Un nouveau rapport de l’ONG Transport & Environment montre que les services de véhicules avec chauffeur à la demande comme Uber ont tendance à aggraver les problèmes de congestion et de pollution dans les villes européennes. Dans la région bruxelloise, le nombre de licences de voitures de transport avec chauffeur (VTC) - que doivent détenir les chauffeurs qui travaillent avec Uber - est passé d’environ 500 chauffeurs en 2017 à près de 1 800 en 2019. En parcourant plus d’une centaine de kilomètres par jour dans la région de Bruxelles-Capitale (plus de 31 000 km par an), ces centaines de véhicules roulent très majoritairement au diesel ou à l’essence et émettent ainsi une grande quantité d’oxydes d’azote et de particules fines.

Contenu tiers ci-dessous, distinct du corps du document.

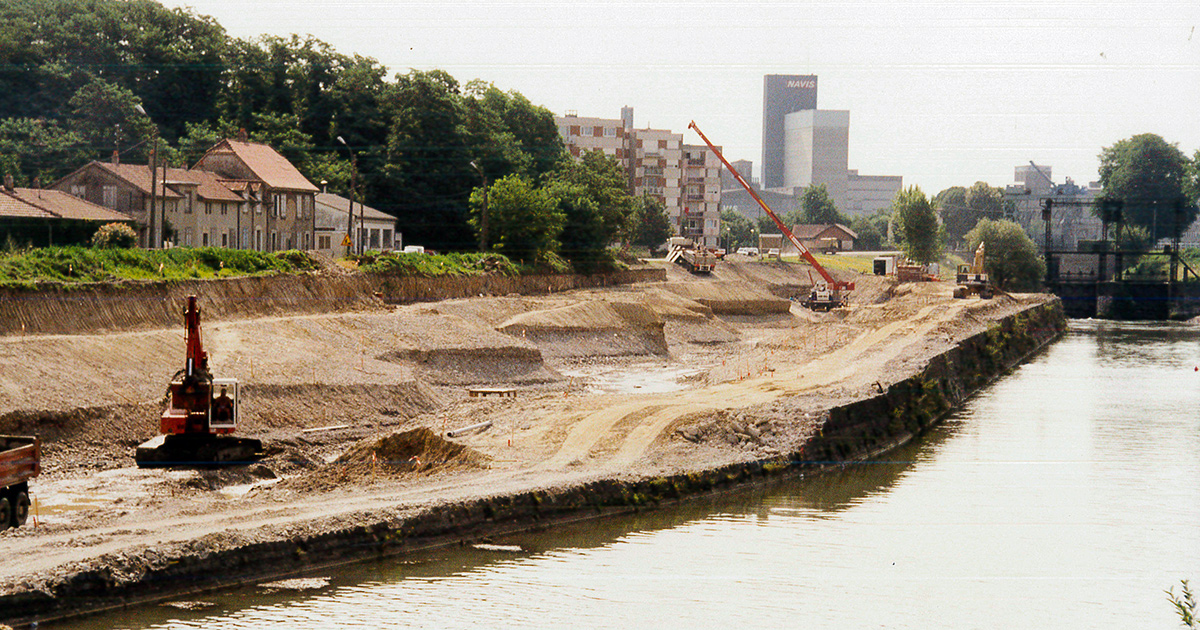 Construction du Parc des eaux vives de Huningue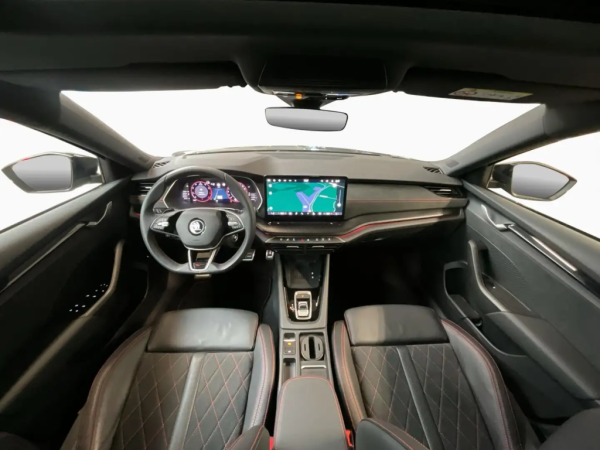 RS 2.0 TSI_image_interier_front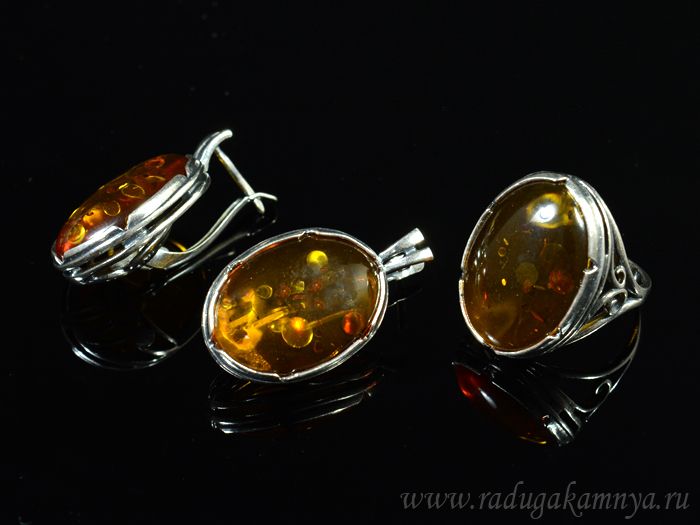 Set with amber ring, earrings oval 19*26mm cognac, size 17, 11.4gr.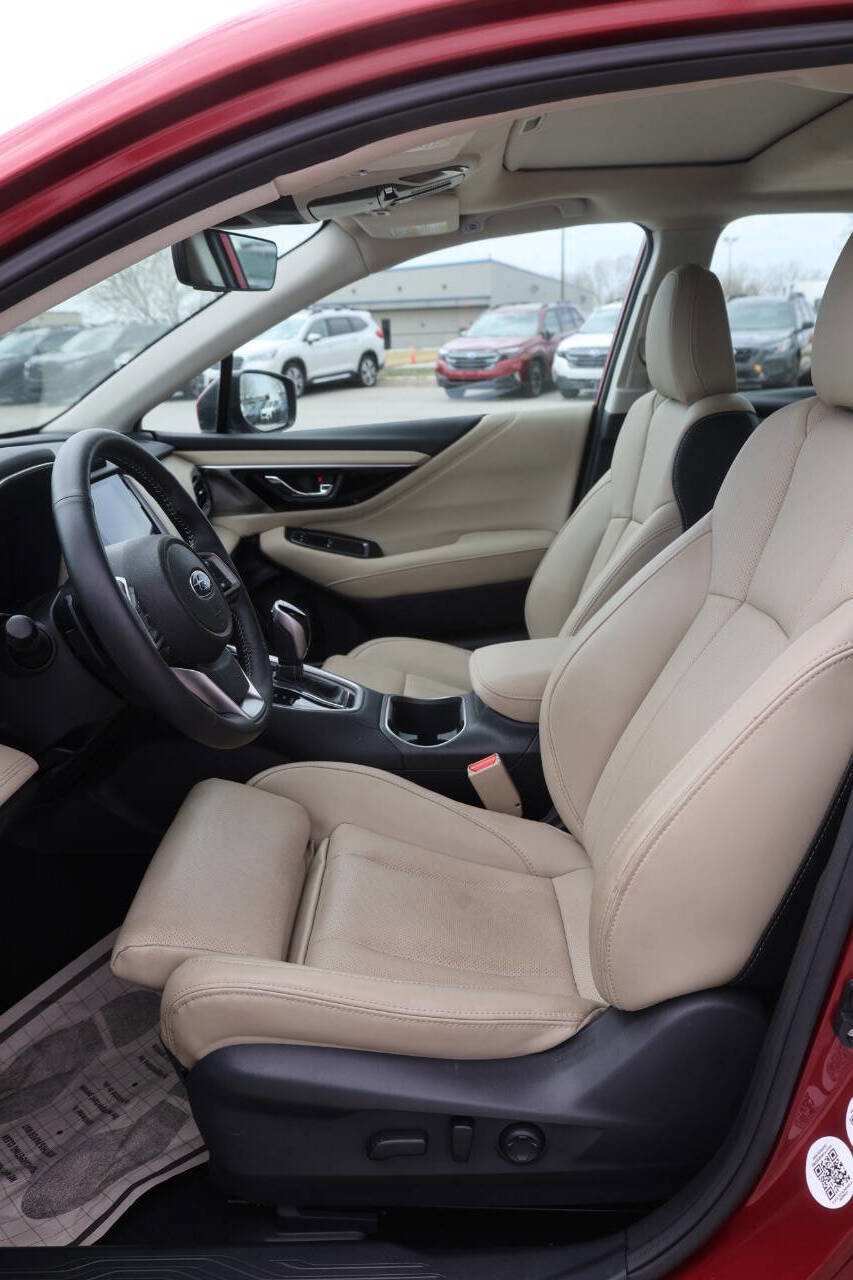 Used 2025 Subaru Legacy Limited AWD/4WD image 13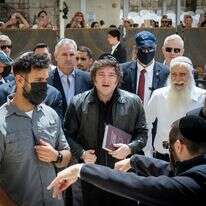 נשיא ארגנטינה, חאבייר מיליי, מגיע לבקר בכותל מיד לאחר נחיתתו בישראל, היום | חיים גולדברג, פלאש 90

Des normes européennes dépassées

La Région bruxelloise est en infraction depuis 2010 pour le dépassement des normes européennes relatives aux concentrations en NO2. De plus, en 2018 le seuil de l’Organisation mondiale de la santé était dépassé dans les cinq stations de mesure officielles qui contrôlent les concentrations en particules fines PM2.5. Et comme le montre la décision récente de la Cour de justice européenne, les chiffres officiels ne reflètent probablement pas la réelle envergure du problème. "Chaque année des centaines de Bruxellois meurent prématurément à cause de la pollution de l’air. Il n’est pas acceptable de laisser des entreprises comme Uber ajouter des voitures diesel et essence dans nos rues", explique Pierre Dornier, membre du collectif citoyen Les chercheurs d’air.

Des véhicules électriques d’ici 2025

Outre la pollution de l’air, le rapport estime que ces véhicules ont également émis 10 000 tonnes de CO2 en 2019 en région bruxelloise et que les services de VTC à la demande comme Uber ont aussi tendance à aggraver les problèmes de congestion à Paris et Londres, ainsi que dans plusieurs villes américaines. "À Bruxelles, les chauffeurs de VTC changent de véhicule tous les trois ans en moyenne. Moyennant une aide financière de la part d’entreprises comme Uber à leurs chauffeurs, comme c’est déjà le cas à Londres, il est tout à fait possible d’avoir des flottes 100 % électriques d’ici 2025. Uber doit faire partie de la solution, pas du problème", précise Pierre Dornier.